What are you working on these days?

One challenge is using optimal transport in machine learning.

From a theoretical viewpoint, machine learning is just an optimization problem where you have a system, and you want to optimize some parameters, or features, so that the machine will do a certain number of tasks.

To classify images, optimal transport measures how similar two images are by comparing features like colors or textures and putting these features into alignment — transporting them — between the two images. This technique helps improve accuracy, making models more robust to changes or distortions.

These are very high-dimensional phenomena. You are trying to understand objects that have many features, many parameters, and every feature corresponds to one dimension.
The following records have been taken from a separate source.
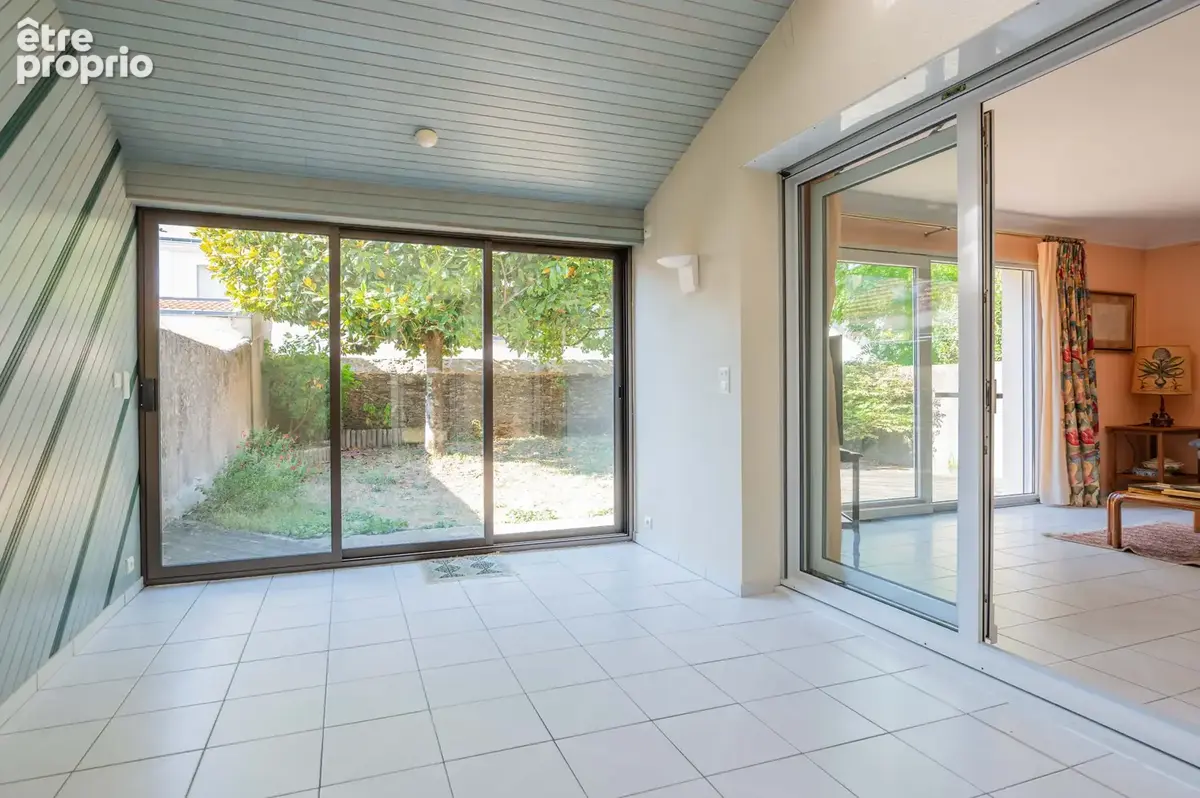 LA PERVERIE - Maison avec jardin - photo 10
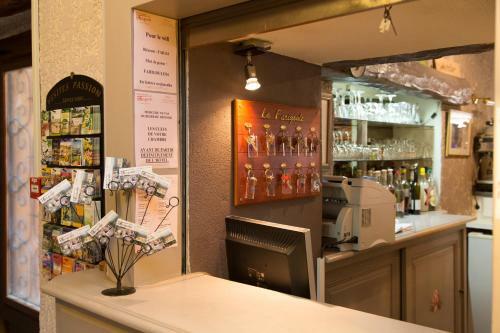 Hotel La Farigoule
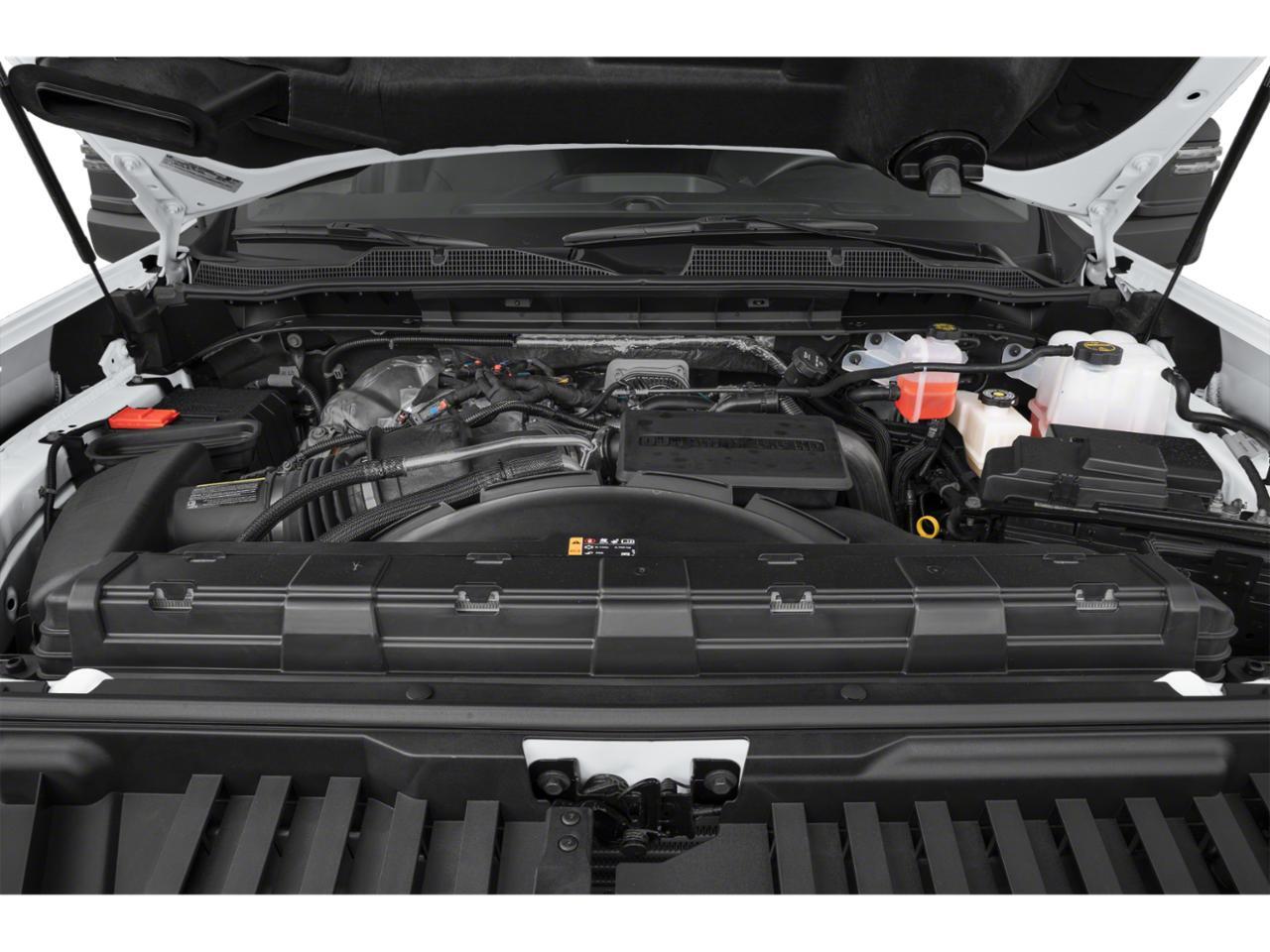 2026 Chevrolet Silverado 3500HD High Country Kerrville TX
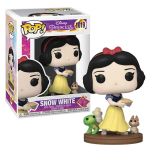 FUNKO POP! Disney: Ultimate Princess- Snow White #1019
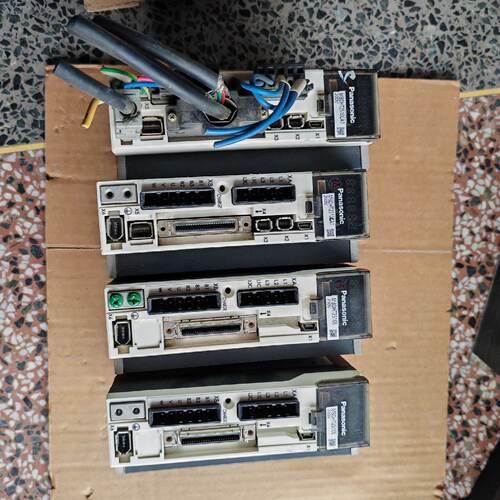 MBDHT2510CA1 MBDHT2510E 松下驱动器正—议价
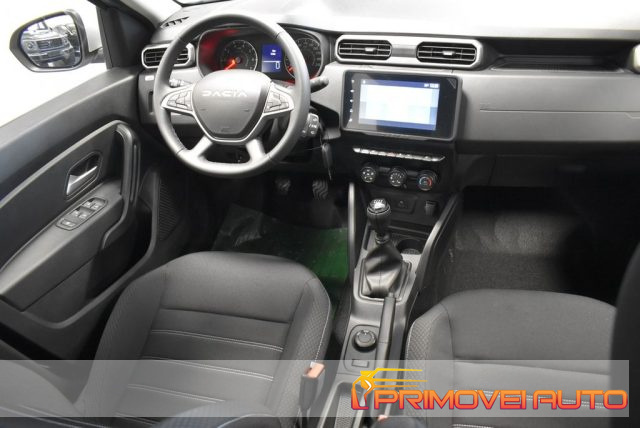 Dacia Duster 1.5 Blue dCi 8V 115 CV 4x4 Express - foto 1 di 4
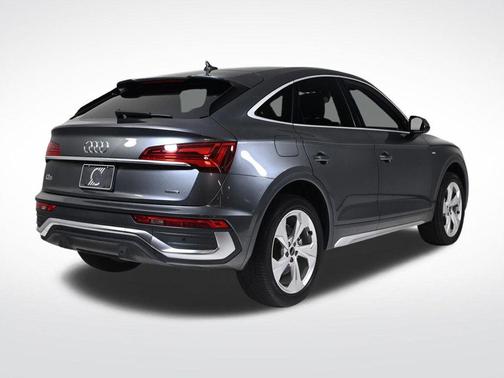 2023 Audi Q5 45 S line quattro Premium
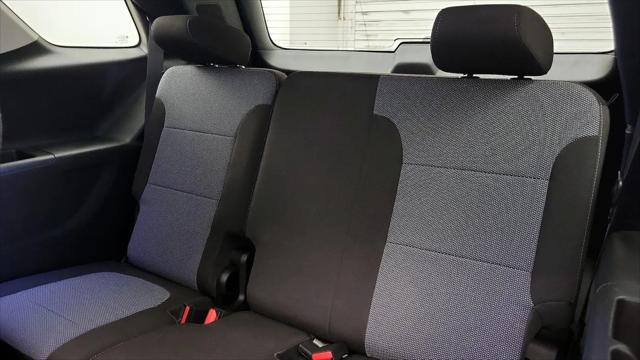 2020 Chevrolet Traverse AWD LT Cloth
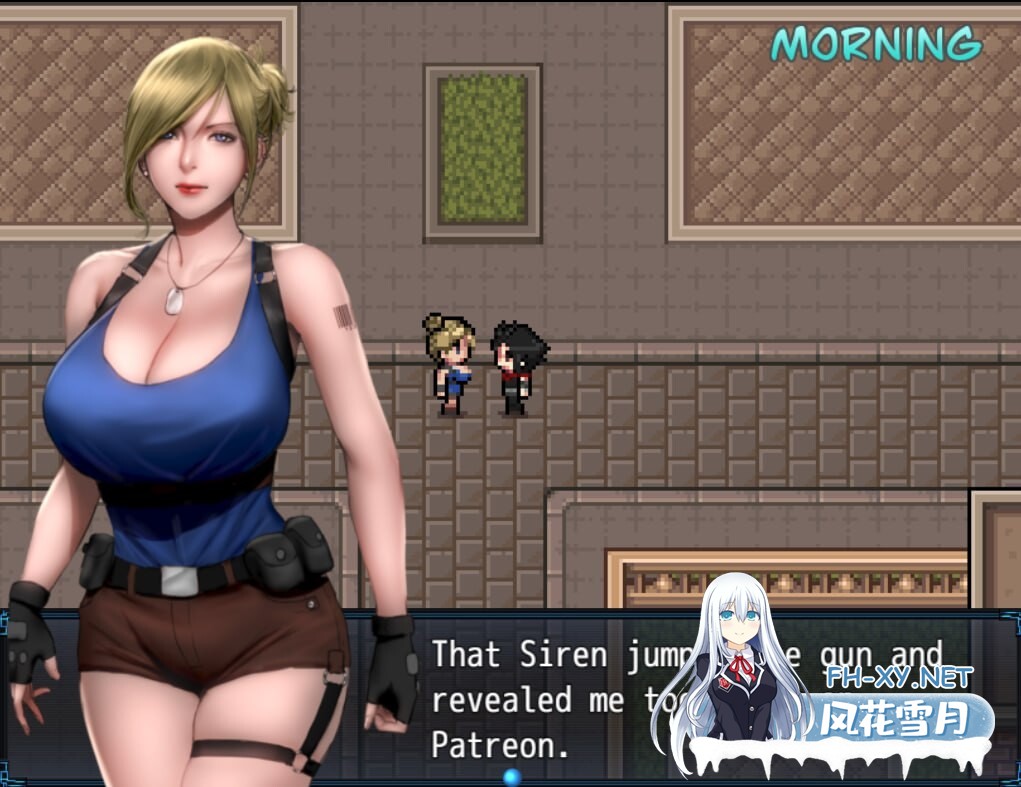 [欧美RPG/全家桶/新汉化/PC+安卓] 僵尸撤退2:僵局 v0.23.1 Beta  内嵌AI汉化版+作弊码 [3.10G]-8.jpg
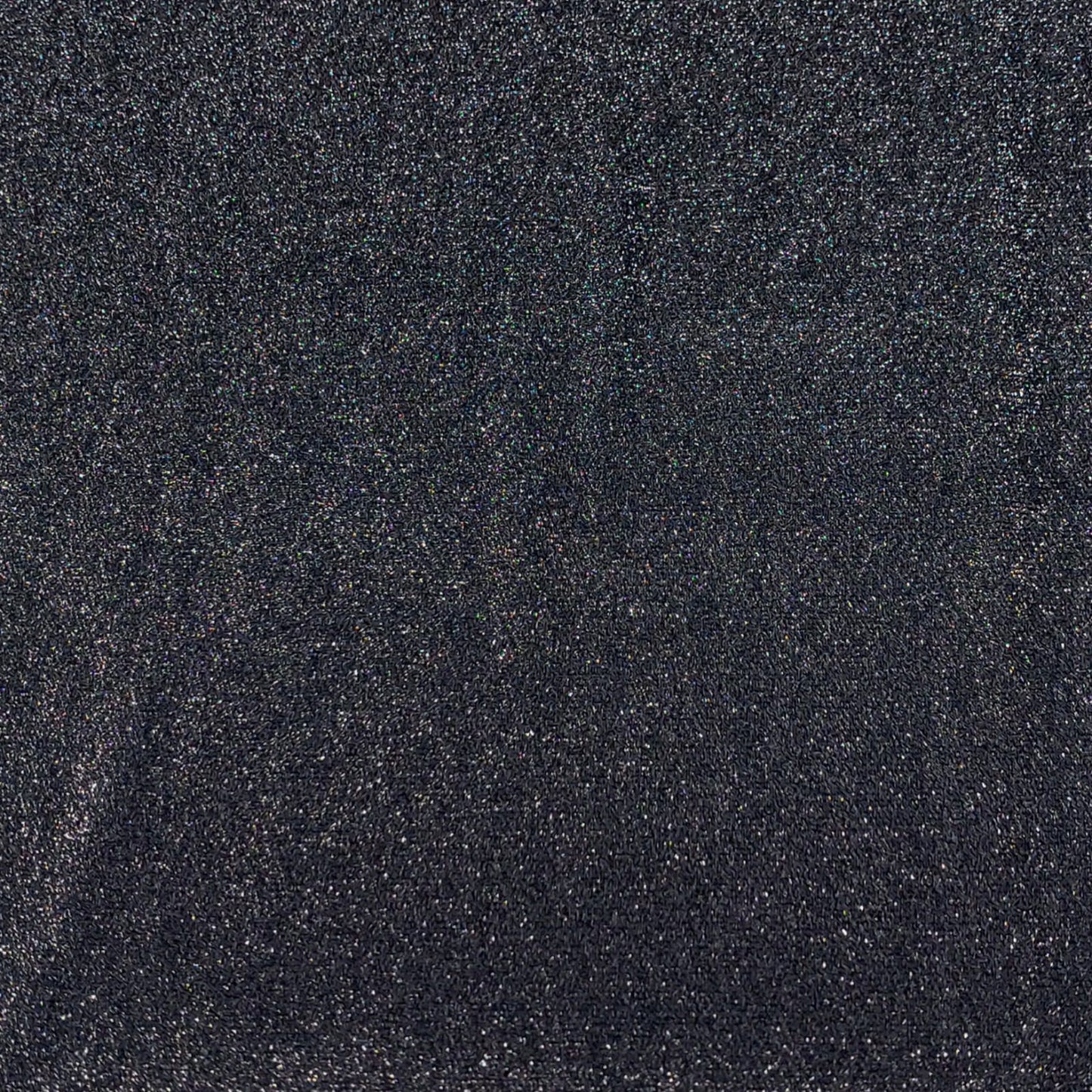 Maglina poliestere / Nero Brillantini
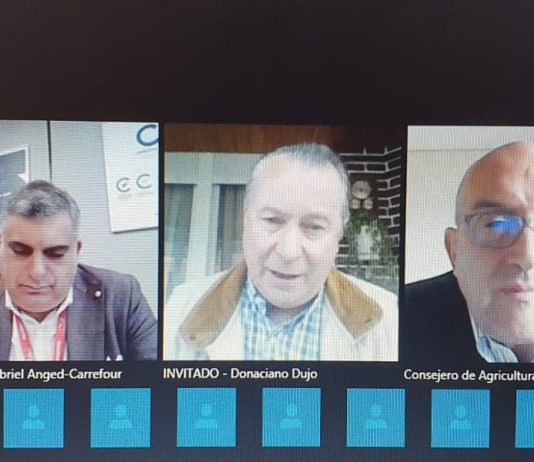 Plataforma en CyL para encontrar salida a la producción bloqueada por el cierre hostelero y turístico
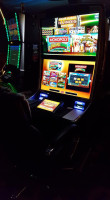 Ten Pennies And Slots menu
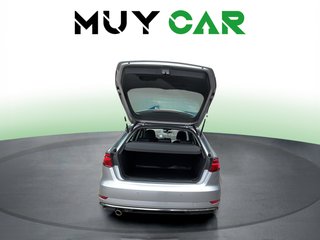 Audi A3 Sportback 30 TFSI design 85 kW (116 CV)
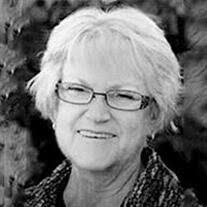 Linda Louise Haustein (DeWitt) Obituary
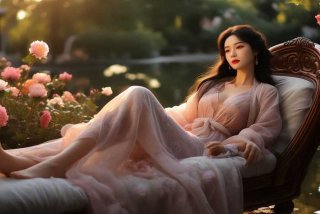 宠妃的悠闲生活沾衣、宠妃的悠闲生活苏婉兮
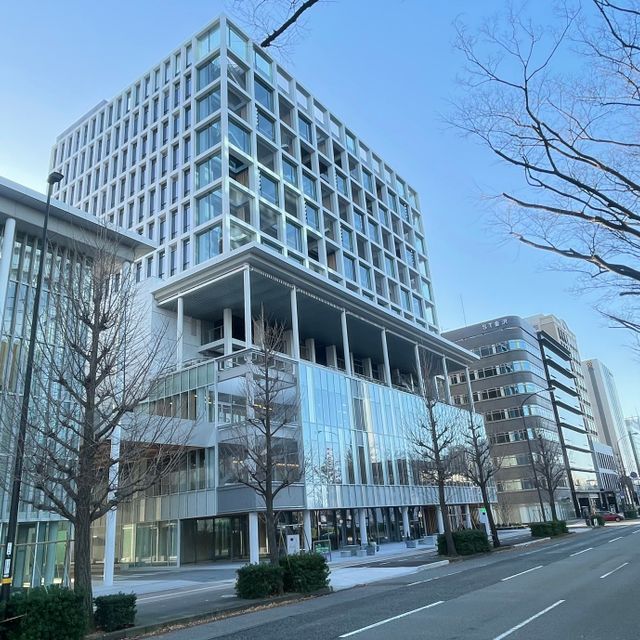 北陸学院大学 オープンキャンパス【社会学部】2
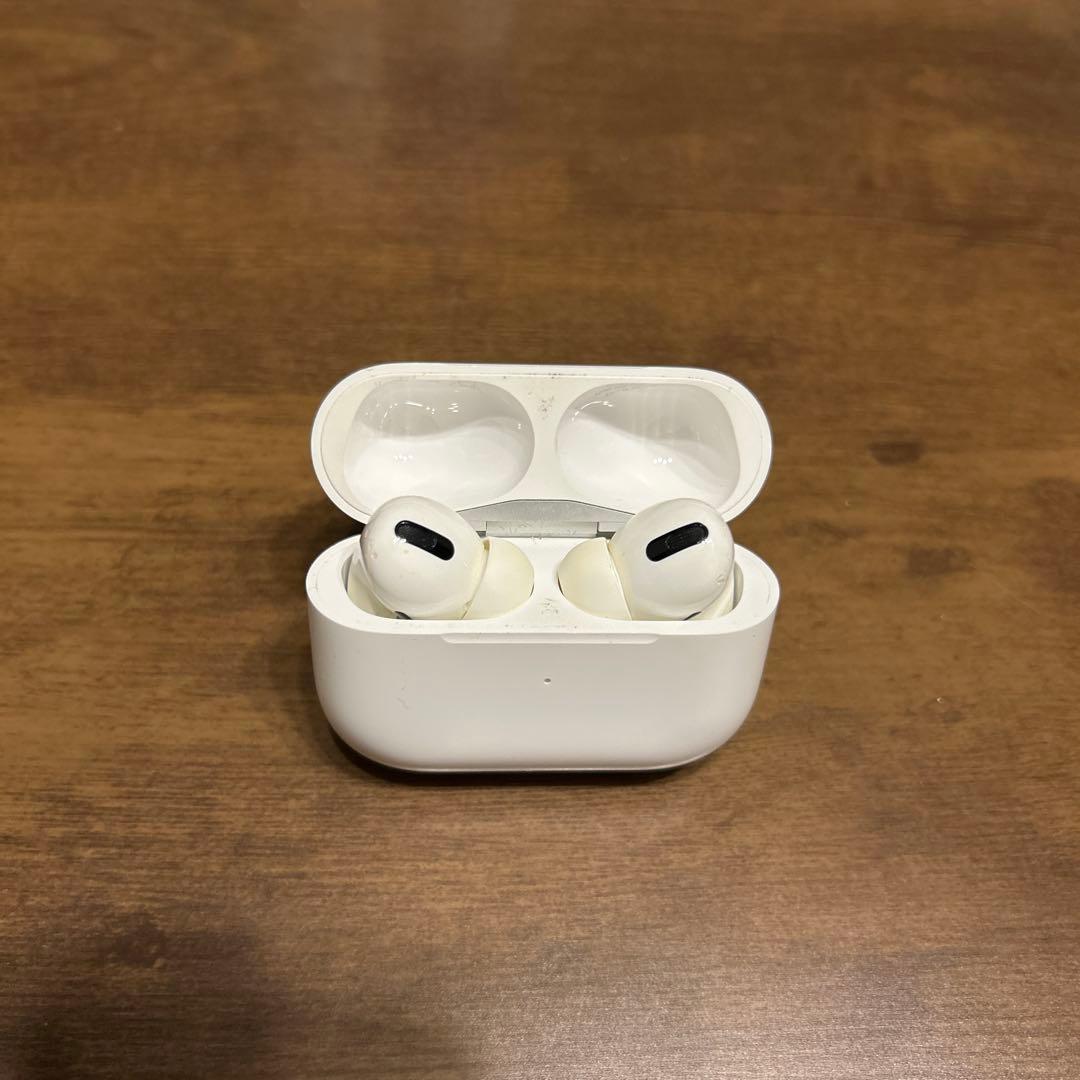 イヤホン AirPods Pro1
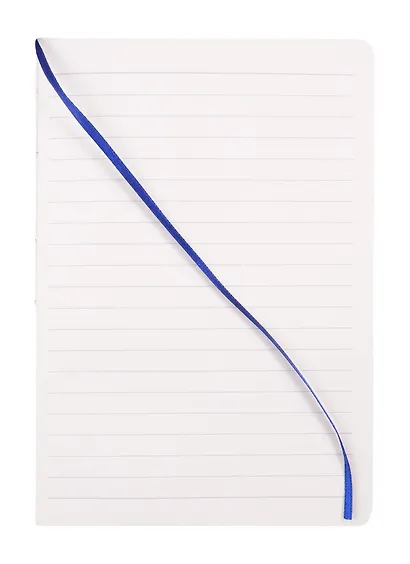 Блокнот с магнитной застежкой "Кот и космос The story is beginning here", 256 страниц, 13 x 19 см - фото 6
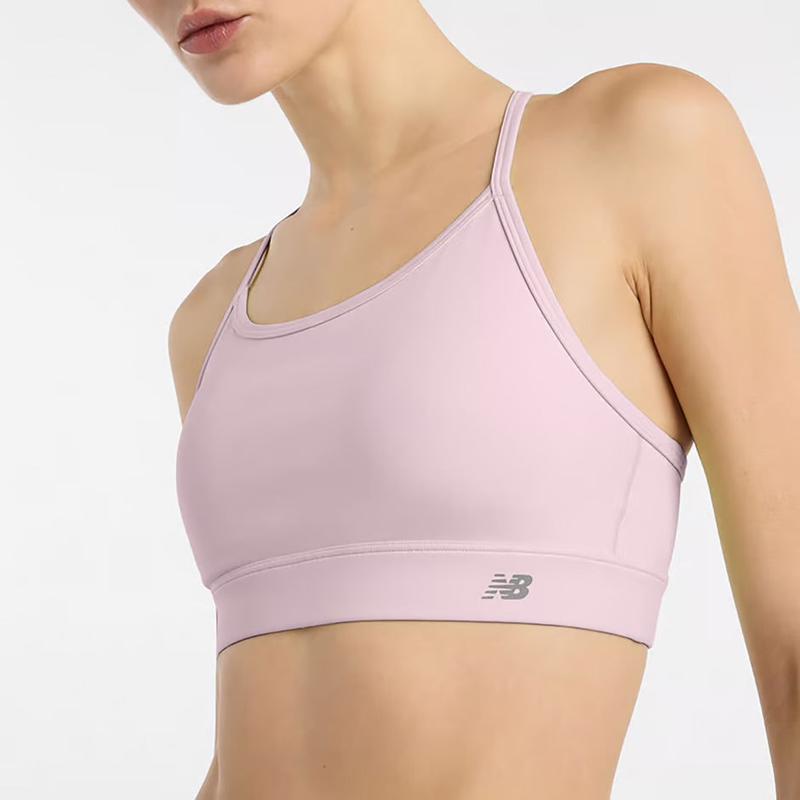 Women’s Essential Yoga Bra-New Balance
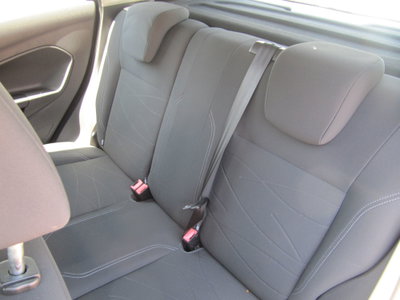 Ford Fiesta Plus 1.5 TDCi 75CV 5 porte (11)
So if you have 50 features, you are in 50-dimensional space.

The higher the dimension where the object lives, the more complex the optimal transport problem is — it requires too much time, too much data to solve the problem, and you will never be able to do it. This is called the curse of dimensionality. Recently people have been trying to look at ways to avoid the curse of dimensionality. One idea is to develop a new type of optimal transport.

What’s the gist of it?

By collapsing some features, I reduce my optimal transport to a lower-dimensional space. Let’s say three dimensions is too large for me and I want to make it a one-dimensional problem. I take some points in my three-dimensional space and I project them onto a line. I solve the optimal transport on the line, I compute what I should do, and I repeat this for many, many lines. Then, using these results in dimension one, I try to reconstruct the original 3-D space by a sort of gluing together. It is not an obvious process.

It kind of sounds like the shadow of an object — a two-dimensional, square-ish shadow provides some information about the three-dimensional cube that casts the shadow.

It is like shadows. Another example is X-rays, which are 2-D images of your 3-D body. But if you do X-rays in enough directions you can essentially piece together the images and reconstruct your body.

Conquering the curse of dimensionality would help with A.I.’s shortcomings and limitations?

If we use some optimal transport techniques, perhaps this could make some of these optimization problems in machine learning more robust, more stable, more reliable, less biased, safer. That’s the meta principle.

And, in the interplay of pure and applied math, here the practical, real-world need is motivating new mathematics?

Exactly. The engineering of machine learning is very far ahead. But we don’t know why it works. There are few theorems; comparing what it can achieve to what we can prove, there is a huge gap. It is impressive, but mathematically it is still very difficult to explain why. So we cannot trust it enough. We want to make it better in many directions, and we want mathematics to help.